On Tue, Jan 13, 2015 at 8:39 PM, Christopher Schultz <
ch...@christopherschultz.net> wrote:

> -----BEGIN PGP SIGNED MESSAGE-----
> Hash: SHA256
>
> Darren,
>
> (Sorry... just had to remove that monstrous stack trace...)
>
> On 1/13/15 5:04 PM, Darren Davis wrote:
> > Hi Christopher.  Yes, we've tried a show process list and can find
> > no evidence of the validation query running on mysql.
>
> Strange. Maybe you are waiting for the db server's buffer to flush or
> something like that.
>
>
I think this is because the client thinks it still has an open connection,
the client net stat command shows an open connection over port 3306, at
least for a few minutes after it's killed by the load balancer.  The Server
loses its connection in netstat immediately.
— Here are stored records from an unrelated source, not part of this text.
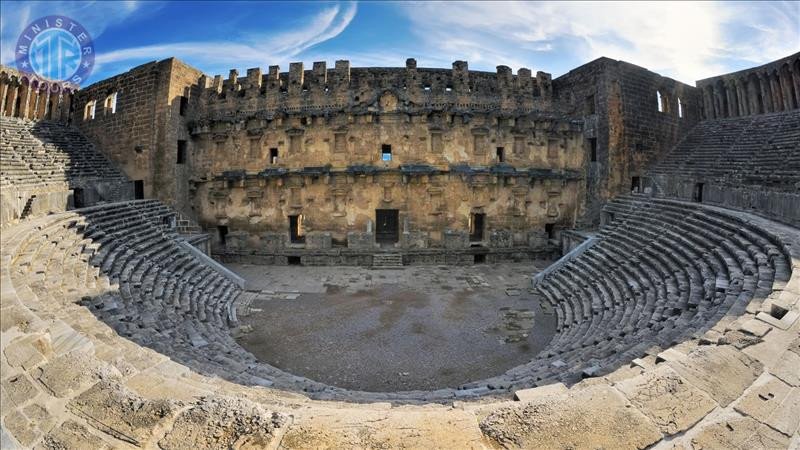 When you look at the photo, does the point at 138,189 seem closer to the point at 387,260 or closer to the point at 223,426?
the point at 387,260

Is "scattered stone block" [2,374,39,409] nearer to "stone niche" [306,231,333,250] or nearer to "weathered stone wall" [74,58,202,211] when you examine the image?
"stone niche" [306,231,333,250]

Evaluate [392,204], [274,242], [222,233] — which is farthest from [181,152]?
[392,204]

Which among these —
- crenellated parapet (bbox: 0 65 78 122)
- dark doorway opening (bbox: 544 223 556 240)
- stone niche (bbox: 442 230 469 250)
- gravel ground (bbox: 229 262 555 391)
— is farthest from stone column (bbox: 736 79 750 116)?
crenellated parapet (bbox: 0 65 78 122)

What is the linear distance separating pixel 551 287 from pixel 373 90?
37.6 feet

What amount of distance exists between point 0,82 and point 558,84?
2702 cm

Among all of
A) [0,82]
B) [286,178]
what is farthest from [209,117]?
[0,82]

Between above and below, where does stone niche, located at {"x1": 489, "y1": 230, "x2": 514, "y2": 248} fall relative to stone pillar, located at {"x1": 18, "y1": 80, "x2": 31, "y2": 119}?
below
> > We also just tried an experiment outside of Tomcat completely, but
> > connecting to a downed web server host and manually opening up a
> > mysql client connection to the data server and executing a single
> > command.
> >
> > We left that client window idle for an hour and 5 minutes, and
> > attempted to execute a simple select count(*) command against a
> > tiny table.  The client attempted to execute the query, and a
> > NetStat on that box showed an open connection between the two
> > servers using port 3306.  We also checked the process list during
> > this time and could not find any queries at all from the sever in
> > question.
> >
> > At about the 15 minute wait mark, the client finally came back with
> > this message: "ERROR 2013 (HY000): Lost connection to MySQL server
> > during query.
>
> Was this with the MySQL command-line client? What query did you issue
> ("SELECT 1")?
>
>
Yes, it was just the command line client, and we issued a select count(*)
from a table with a couple rows in it.


> > Attempting the execute the command a 2nd time (using the up
> > arrow), re-established the connection and it ran perfectly in a few
> > milliseconds.
>
> That's interesting. I've never experienced anything like that with
> MySQL, but we use a VLAN between our application and database servers
> with no hardware firewall, so we don't have any connection timeout
> problems. Also, when connections are dropped due to inactivity, they
> re-connect without any problems.
>
> > I checked the mysql configuration and it is set to the default
> > values for keeping connections/interactive connections open (for 8
> > hours), so it seems that maybe the Cisco firewall between the two
> > servers is terminating connections out from under us, but in a way
> > what the O/S cannot detect it.
>
> What if you set that idle connection timeout to something like 5
> minutes? Can you reproduce this issue more quickly? Can you look at
> the fw configuration to see if you can change the idle timeout /down/
> to something more testable?
>
> As part of our move to the new versions of Tomcat/Java, we are in a new
cloud environment which features a different type of firewall.  The
provider confirmed to us late today, that it is configured to kill "idle"
TCP connections after an hour, which is something our old firewall didn't
do.

Because we sometimes have low traffic during this time of the year,
especially on the weekends, what we think is happening is that one or more
of the minimum 10 connections is going unused for more than an hour, and
since we didn't have any connection testing while idle turned on, they were
being killed by the firewall out from under the pool, and depending on how
soon they were used after that, we would run into the 15 minute delay
before they were deemed lost, and replaced with a new connection.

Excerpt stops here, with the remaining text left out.